Captioned web image data:
+-------+

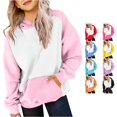 thumbnail image 1 of RUTAYY Womens Raglan Sleeve Color Block Pullover Hoodie Long Sleeve Casual Sweatshirt with Front Pocket Pink, 1 of 8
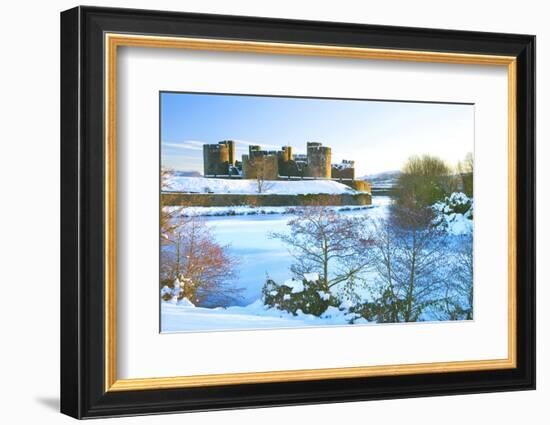 Caerphilly Castle in snow, Caerphilly, near Cardiff, Gwent, Wales, United Kingdom, Europe-Billy Stock-Framed Photographic Print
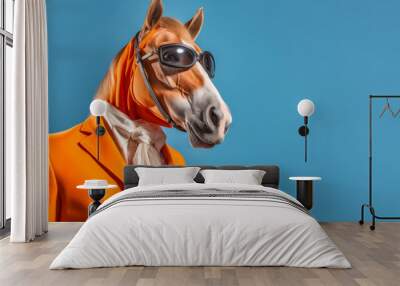 Cool looking horse dog wearing funky fashion dress - bright orange jacket, vest, sunglasses. Wide blue banner with space for text right side. Stylish animal posing as supermodel. Generative AI Wall mural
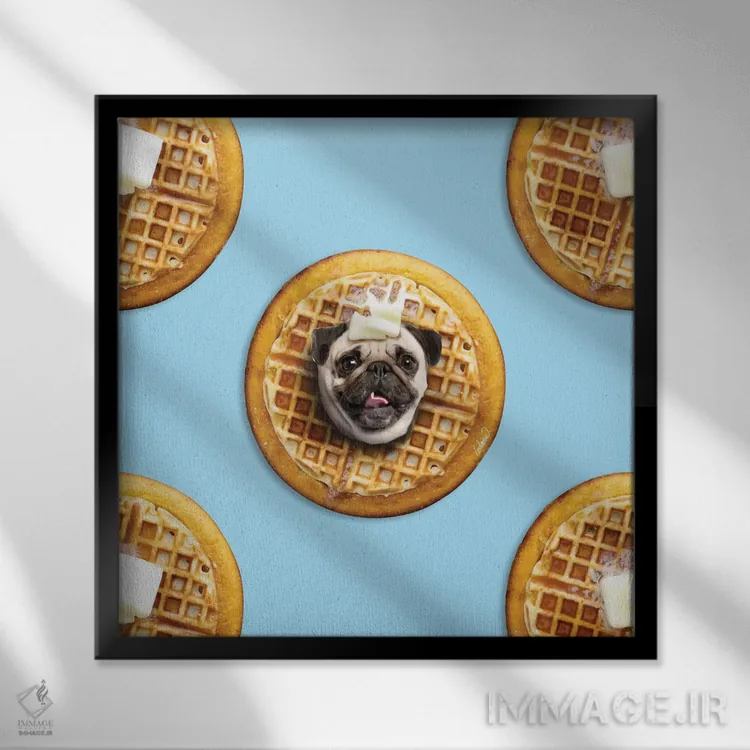 تابلو دکوراتیو پاگ وافل اثر لاستاناو - نمای قابدار مشکی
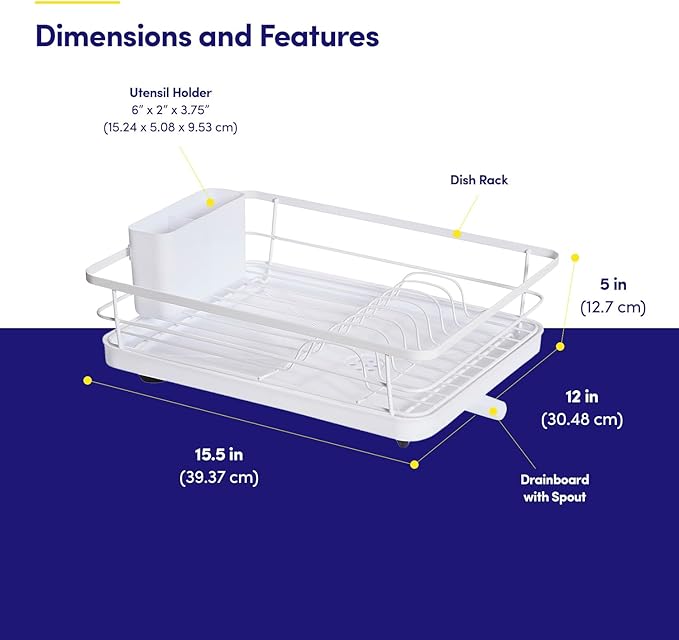 Dish Drying Rack 3 Piece Dish Drainer with Drainboard Set for Kitchen Counter ✅– Dish Rack with Removable Utensil Holder & Swivel Spout for Countertop ✅– DishRack for Plates, Cups & More, White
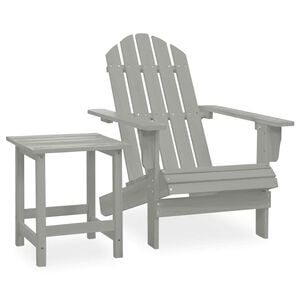 vidaXL Adirondack-puutarhatuoli p&ouml;yd&auml;ll&auml; t&auml;ysi kuusi harmaa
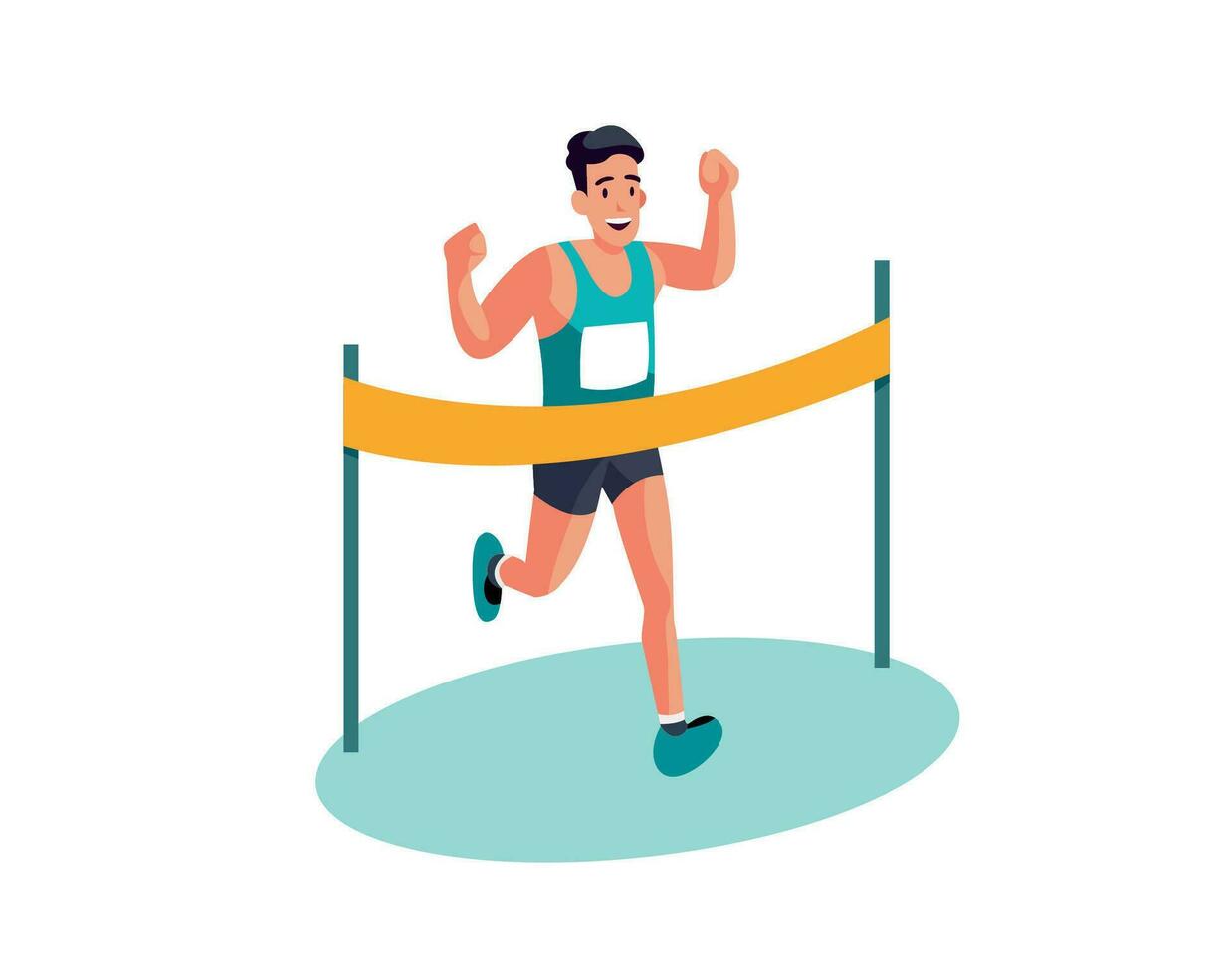 runner winning a race flat character illustration vector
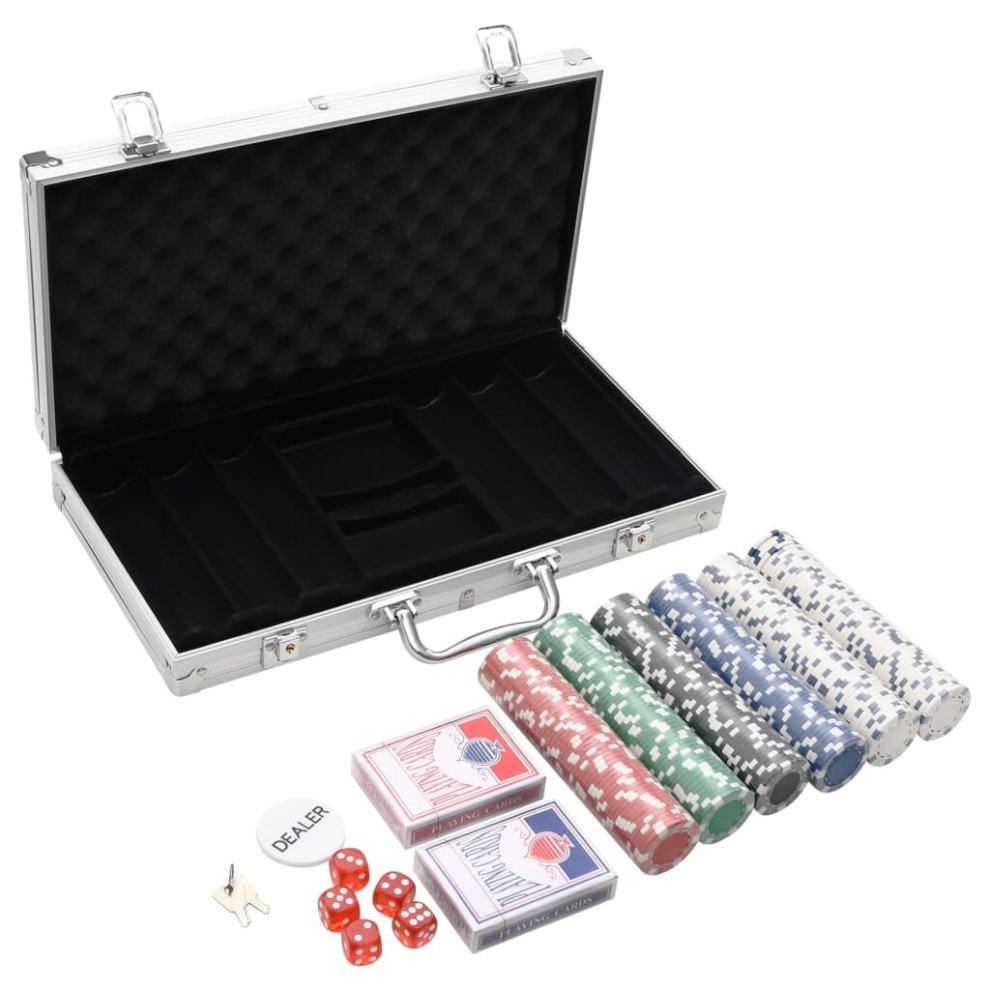 (chip (11.5 g)) vidaXL Poker Chip Set Poker Set 2 Decks Dealer Button Case Game Blackjack Set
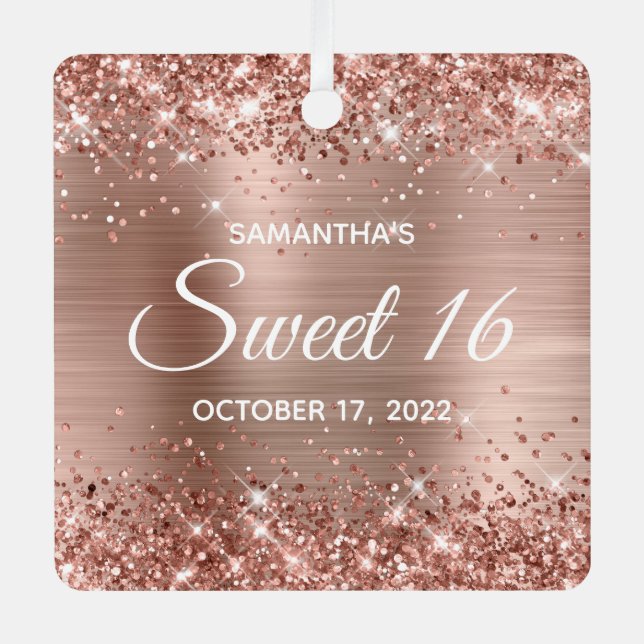 Glittery Rose Gold Foil Sweet 16 Metal Ornament (Front)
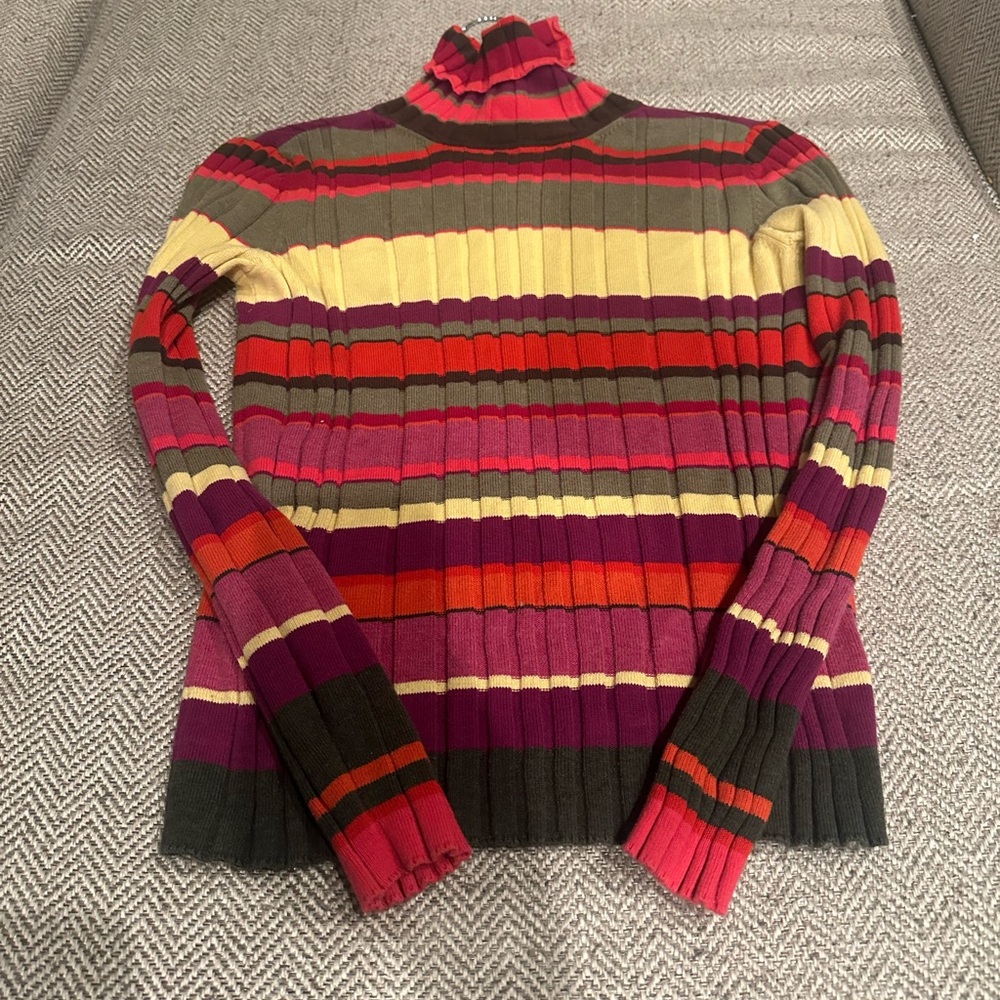 Tommy Hilfiger Red and Pink Cowl Turtleneck Sweater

+-------+

*The problem:*
Pictures are to be left out when the lines from the one containing "Glittery Rose Gold" through the end of the records above are repeated exactly; no other line is wanted.

*Result of this exercise:*
 Glittery Rose Gold Foil Sweet 16 Metal Ornament (Front)
 Tommy Hilfiger Red and Pink Cowl Turtleneck Sweater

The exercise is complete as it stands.